La Chine, qui ne possédait par le passé qu’un petit nombre d’ogives nucléaires pour pouvoir riposter à une frappe nucléaire ennemie, est désormais engagée dans une expansion rapide de son arsenal d’ogives et de lanceurs de missiles.

Selon les experts américains de la défense, cette accumulation pourrait transformer la Chine en un adversaire des États-Unis et de la Russie, les deux principales puissances nucléaires mondiales, d’ici le début des années 2030.

La puissance nucléaire croissante de Pékin et ses intentions opaques ont déclenché un débat à Washington sur la question de savoir si et comment les États-Unis doivent étendre et ajuster leurs propres capacités et leur posture nucléaires.

La Chine et les États-Unis ont entamé des négociations sur le nucléaire l’année dernière après une rencontre entre Xi et Biden, mais la Chine les a suspendues en juillet.

Le mois dernier, Pékin a appelé les membres permanents du Conseil de sécurité de l’ONU à s’aligner sur sa propre politique de « non-recours en premier », dans une démarche qui s’en prend aux accords de partage nucléaire de Washington avec ses alliés de l’OTAN et aux protections du parapluie nucléaire en Asie.

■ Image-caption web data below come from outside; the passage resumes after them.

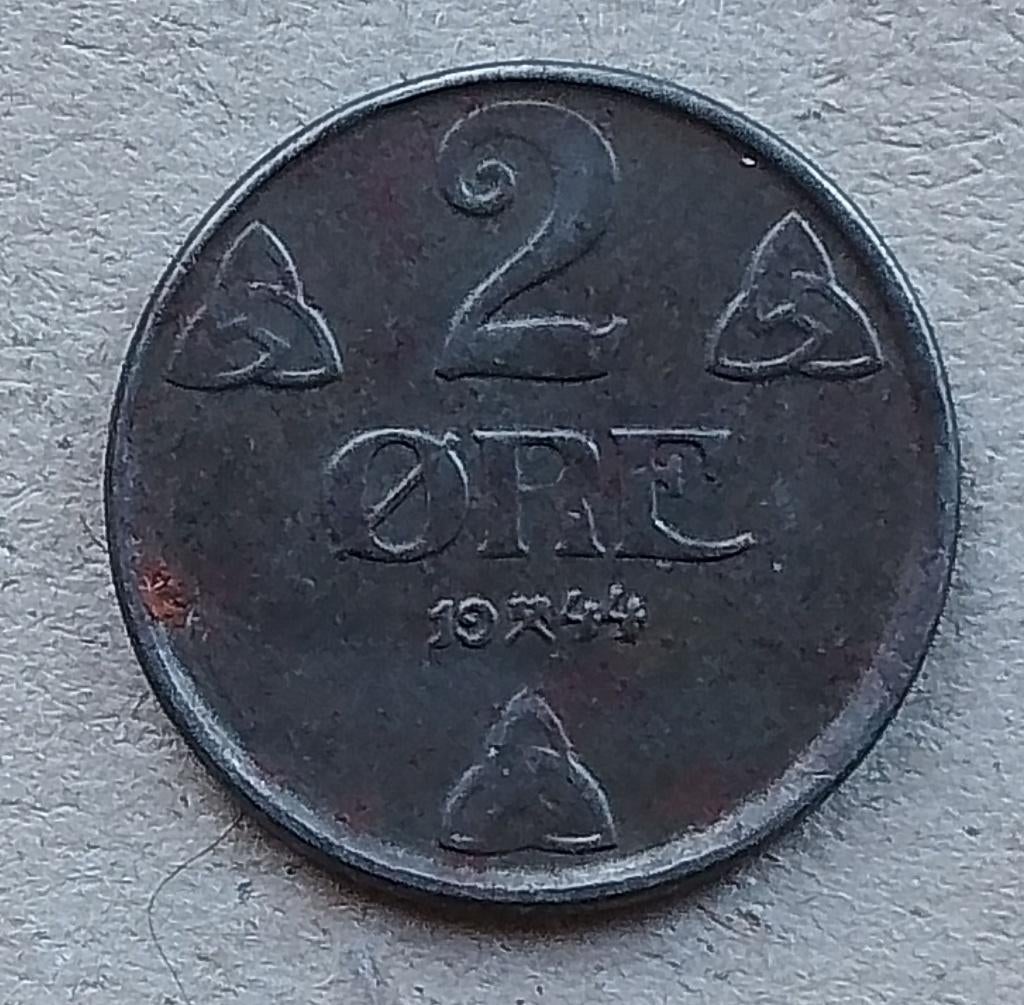 Noorwegen, 2 øre 1944, Ophalen of Verzenden, Overige landen, Losse munt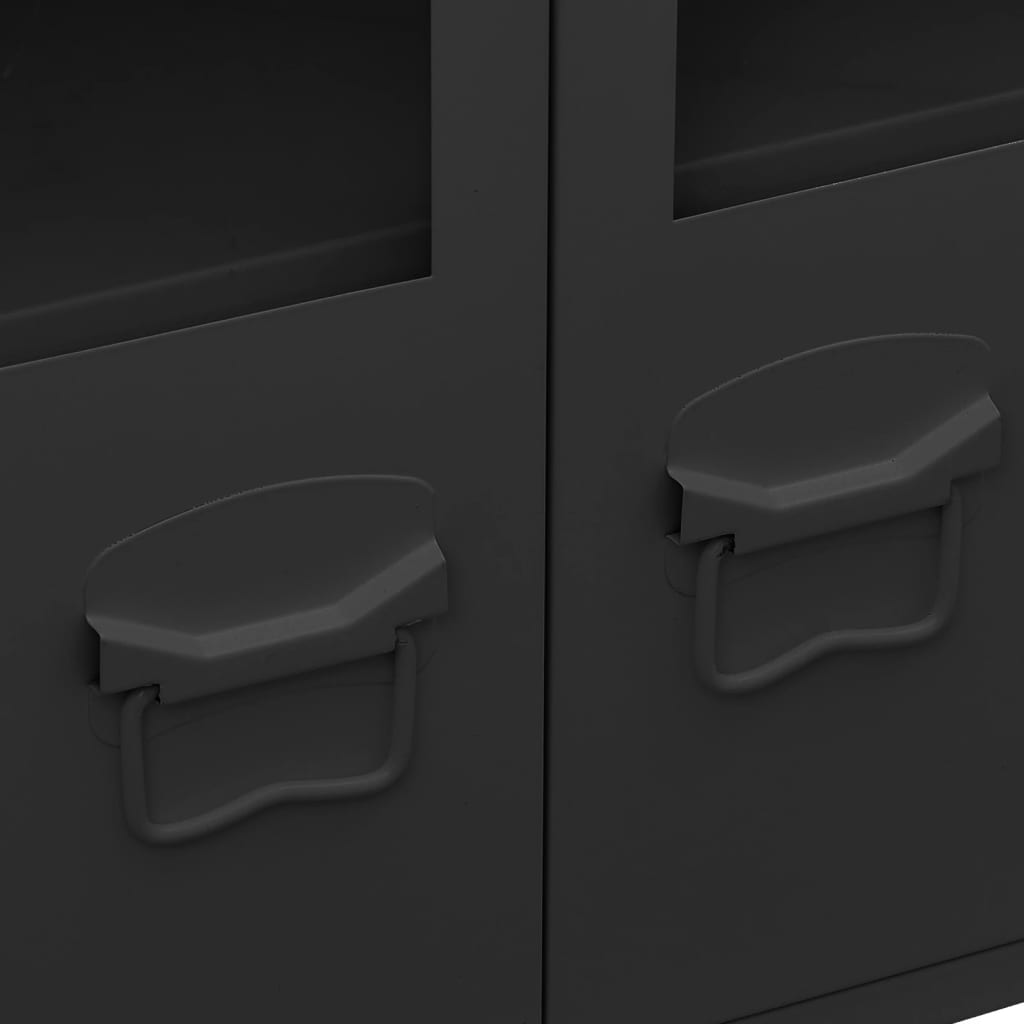 vidaXL Industrial Sideboard Schwarz 105x35x62 cm Metall und Glas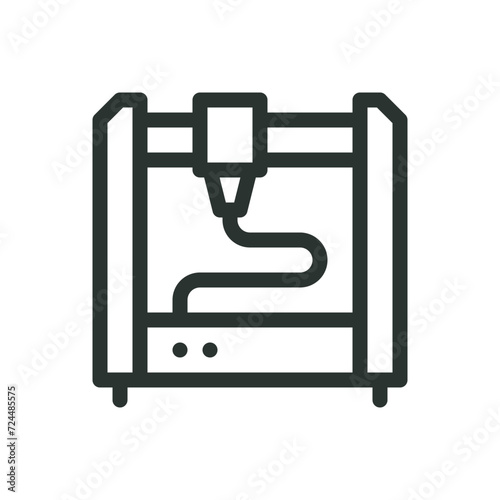 3D printer extruder isolated icon, extrusion printing vector symbol with editable stroke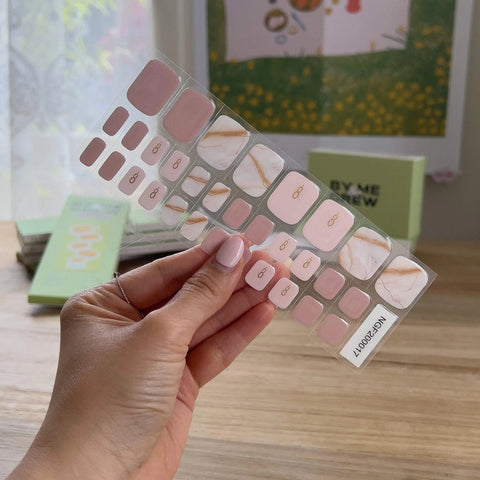 [PEDI / TOES] Soft Pink Marbling Semicured DIY Gel Nail Sticker Kit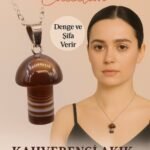 Sertifikalı Mantar Model Kahverengi Akik Taşı Kolye - Denge ve Şifa Veren Doğal Taş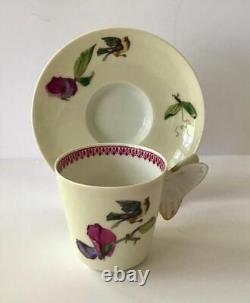 6 Butterfly Handle Haviland & Co Limoges Cups Saucers, Handpainted Birds/Flowers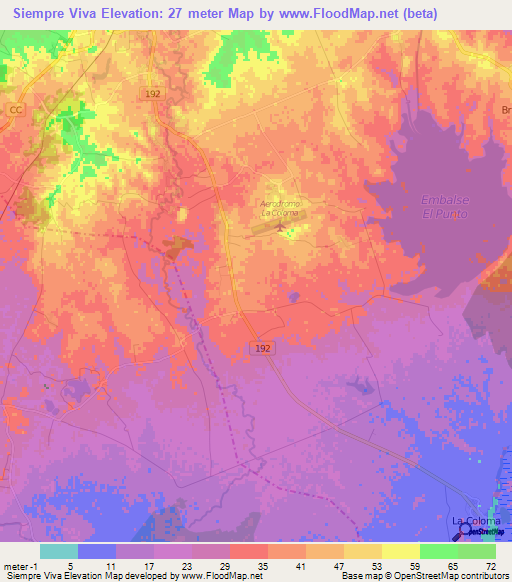Siempre Viva,Cuba Elevation Map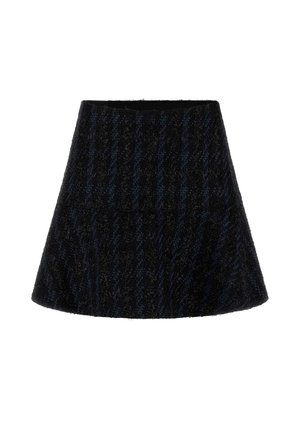 Schwarzer Skater-Rock mit strukturierter gewebter Oberfläche, ausgestelltem Design und dezenten dunkelblauen Streifen, mittellang bis zur Mitte des Oberschenkels.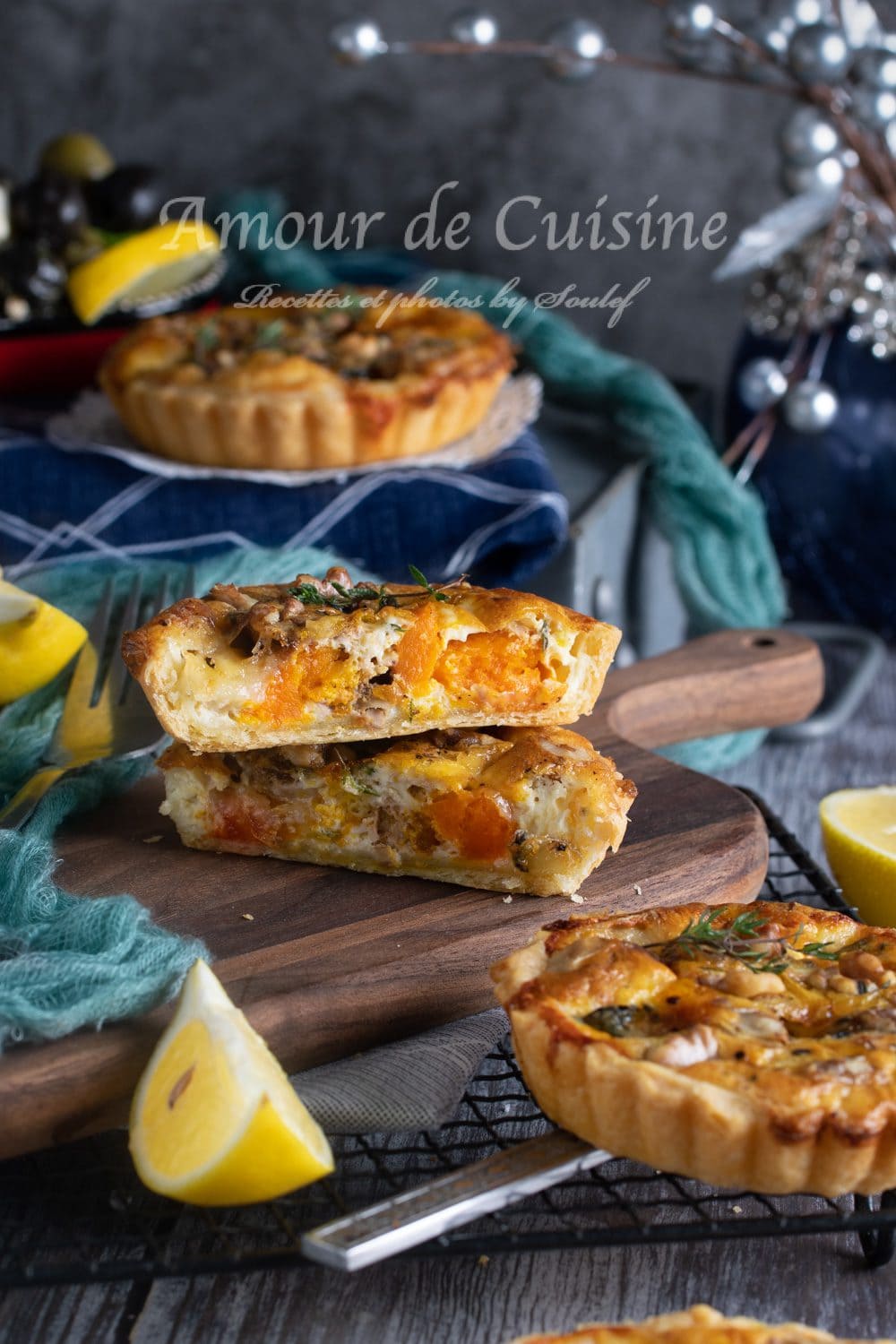 mini quiches au potimarron et Roquefort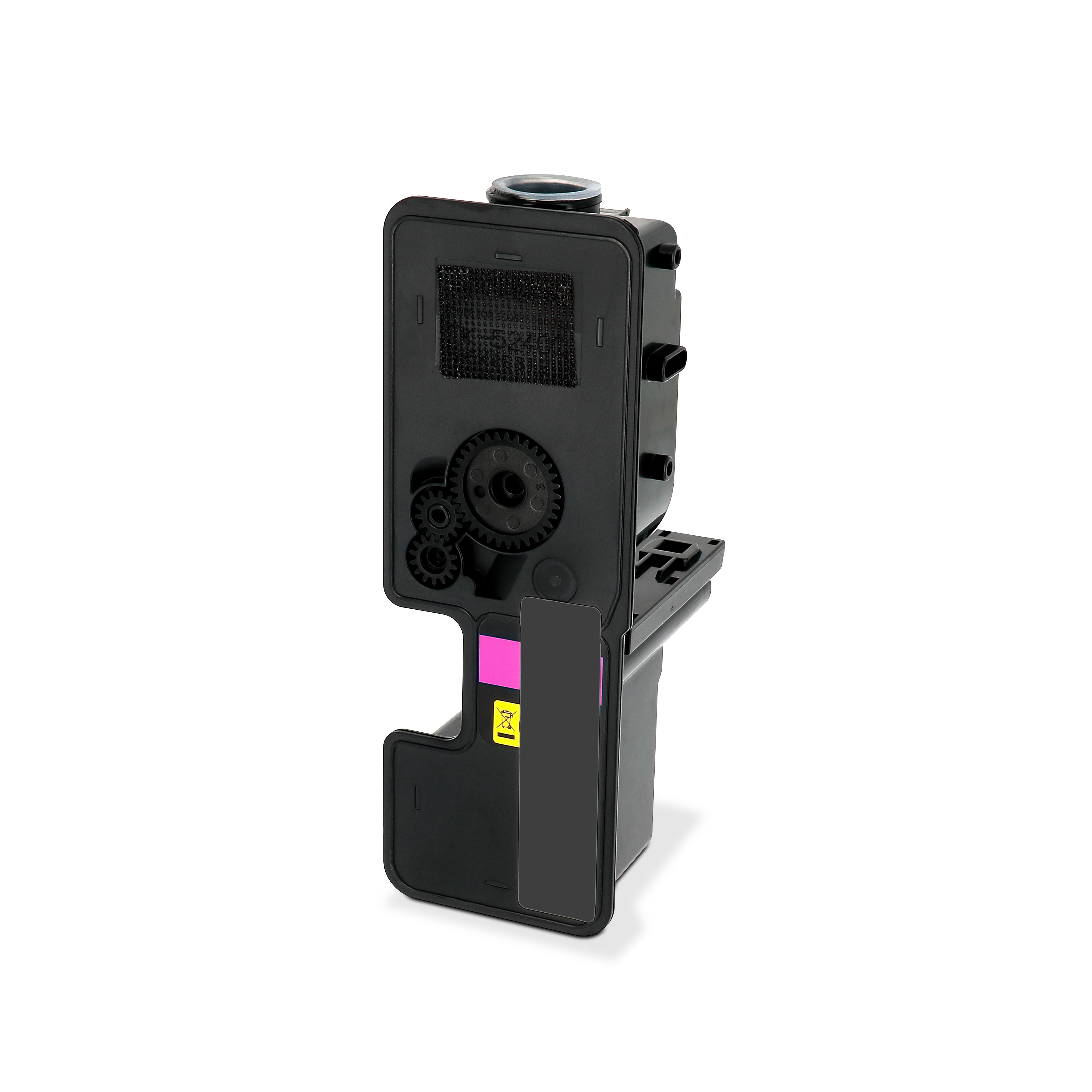 Una cartuccia toner nera per stampante. Ha ingranaggi, una sezione rosa e una copertura nera. È su sfondo bianco.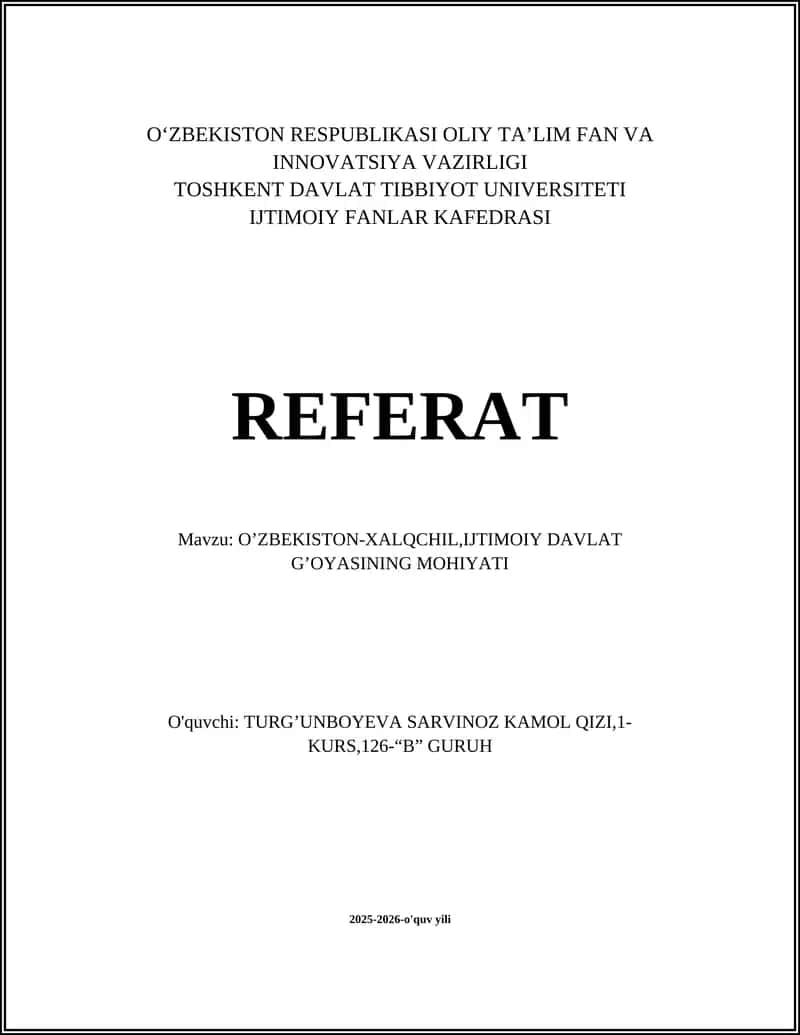 O’ZBEKISTON-XALQCHIL,IJTIMOIY DAVLAT G’OYASINING MOHIYATI 1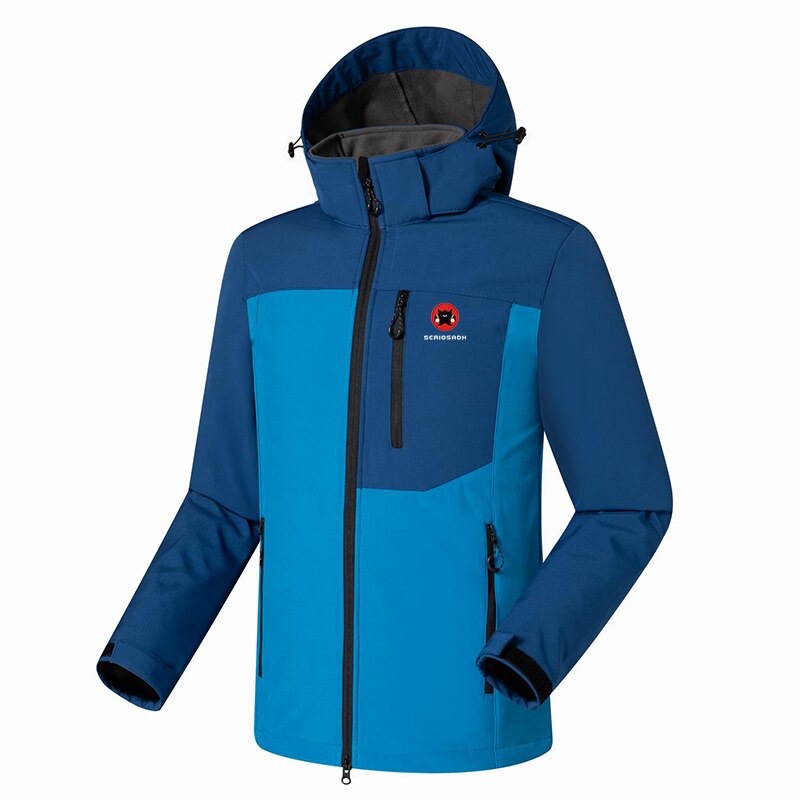 Scriosadh vindjakke for #39 vanntett utendørs softshell klatrejakke utendørs hurtigtørrende fleece holde varmen turskijakke: Blå / Asiatisk størrelse xxl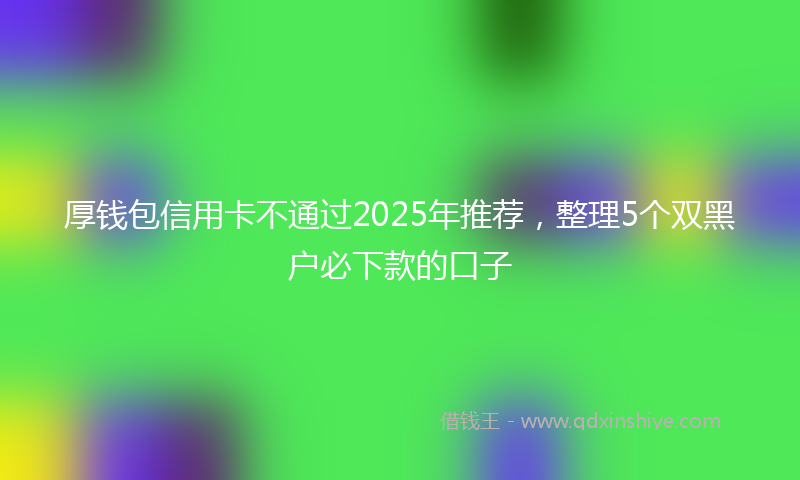 厚钱包信用卡不通过2025年推荐，整理5个双黑户必下款的口子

Le ministère de la Défense de Taïwan a déclaré avoir observé « de récents exercices intensifs de lancement de missiles et d’autres activités d’entraînement » de la part de l’armée chinoise.

Pour la première fois, les trois porte-avions chinois étaient en mer simultanément mercredi.

Le Liaoning, le premier porte-avions de l’APL, mène une mission d’entraînement dans le Pacifique occidental, tandis que le deuxième porte-avions, le Shandong, se trouve en mer de Chine méridionale, et le plus récent porte-avions chinois, le Fujian, subit des essais en mer.

Selon l’armée japonaise, une autre flottille de la marine de l’APL est entrée dans la mer d’Okhotsk lundi alors que des navires de guerre chinois et russes s’entraînaient ensemble à proximité du Japon.

En effectuant le test ICBM en même temps que les autres exercices, « l’APL montre ses muscles avec des capacités dans tous les domaines », a déclaré James Chen, professeur à l’Université Tamkang de Taipei.